What you should give back is a precise copy of the lines below from the one containing "used 2018 Lincoln MKT car, priced at $16,888" through the one containing "Massage chair repair", with no pictures.

(Source records Opens)

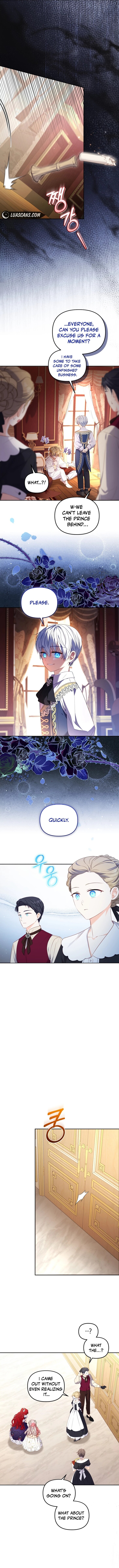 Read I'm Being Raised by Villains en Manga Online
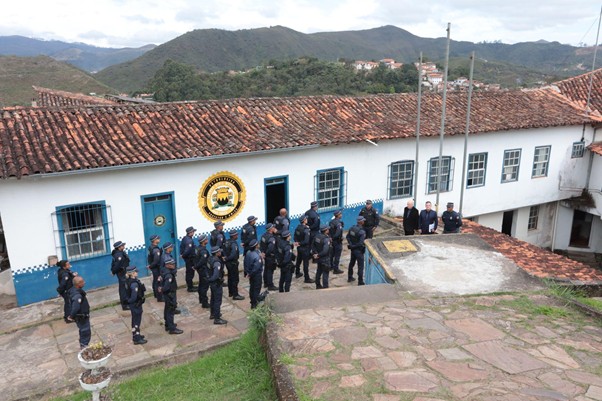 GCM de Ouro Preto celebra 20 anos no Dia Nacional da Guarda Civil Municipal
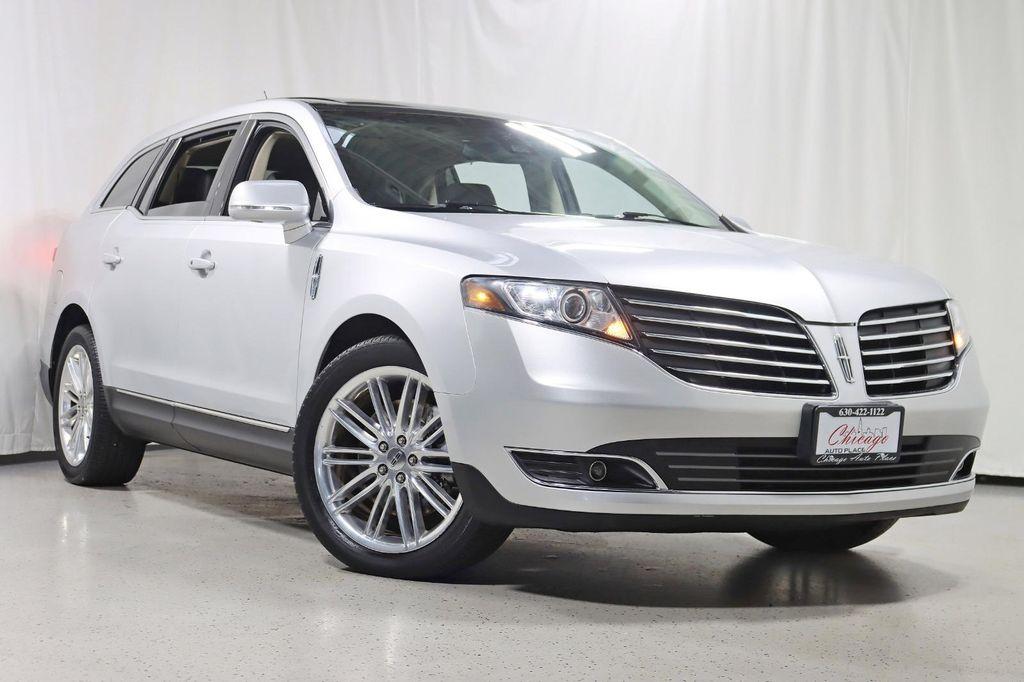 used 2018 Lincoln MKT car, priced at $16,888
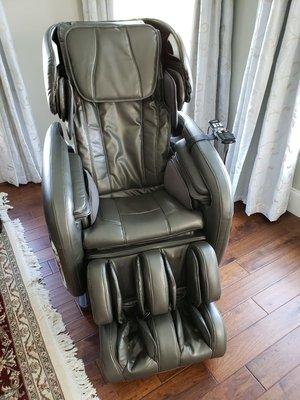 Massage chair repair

(Source records Closes)
(Source records Opens)

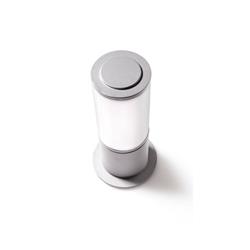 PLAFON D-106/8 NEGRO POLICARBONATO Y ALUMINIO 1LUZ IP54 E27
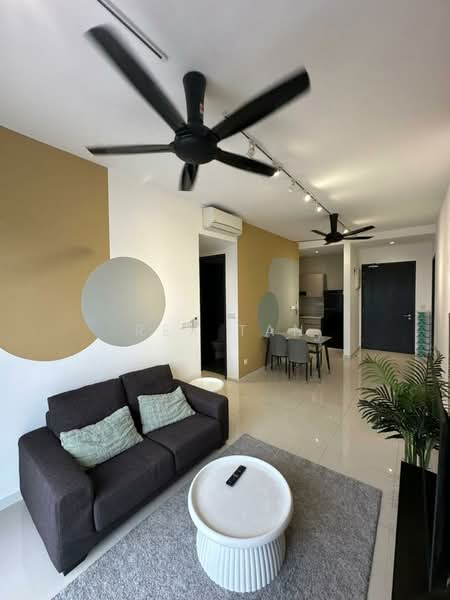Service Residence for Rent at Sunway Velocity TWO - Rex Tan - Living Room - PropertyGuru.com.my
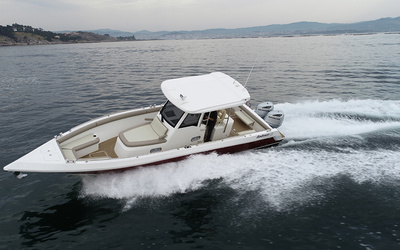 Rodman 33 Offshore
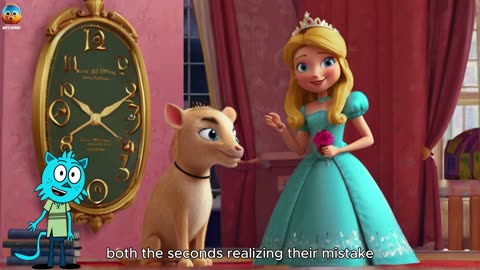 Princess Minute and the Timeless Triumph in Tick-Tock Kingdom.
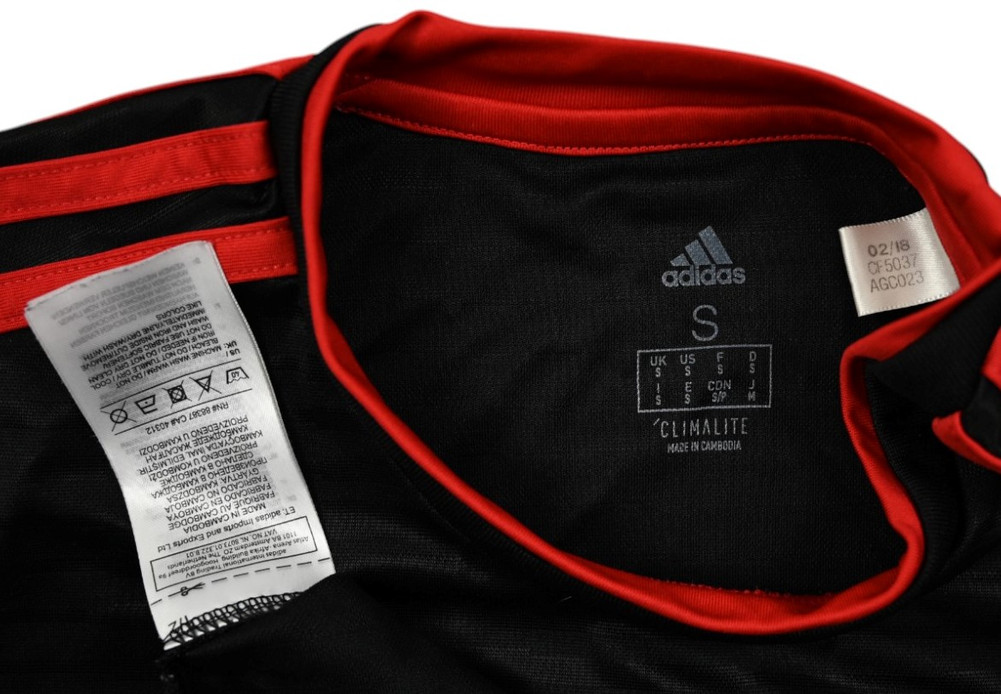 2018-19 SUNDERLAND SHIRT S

(Source records Closes)
(Source records Opens)

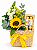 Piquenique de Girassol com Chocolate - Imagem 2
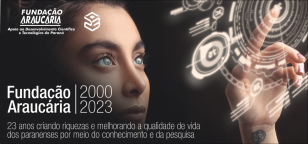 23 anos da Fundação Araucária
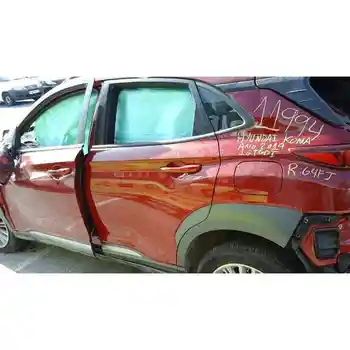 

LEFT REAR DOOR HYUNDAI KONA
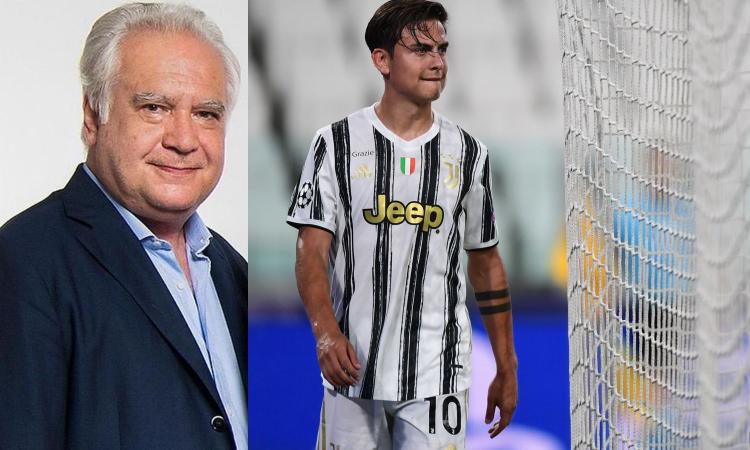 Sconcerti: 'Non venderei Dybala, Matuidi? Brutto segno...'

(Source records Closes)

Exercise result »
 used 2018 Lincoln MKT car, priced at $16,888
 Massage chair repair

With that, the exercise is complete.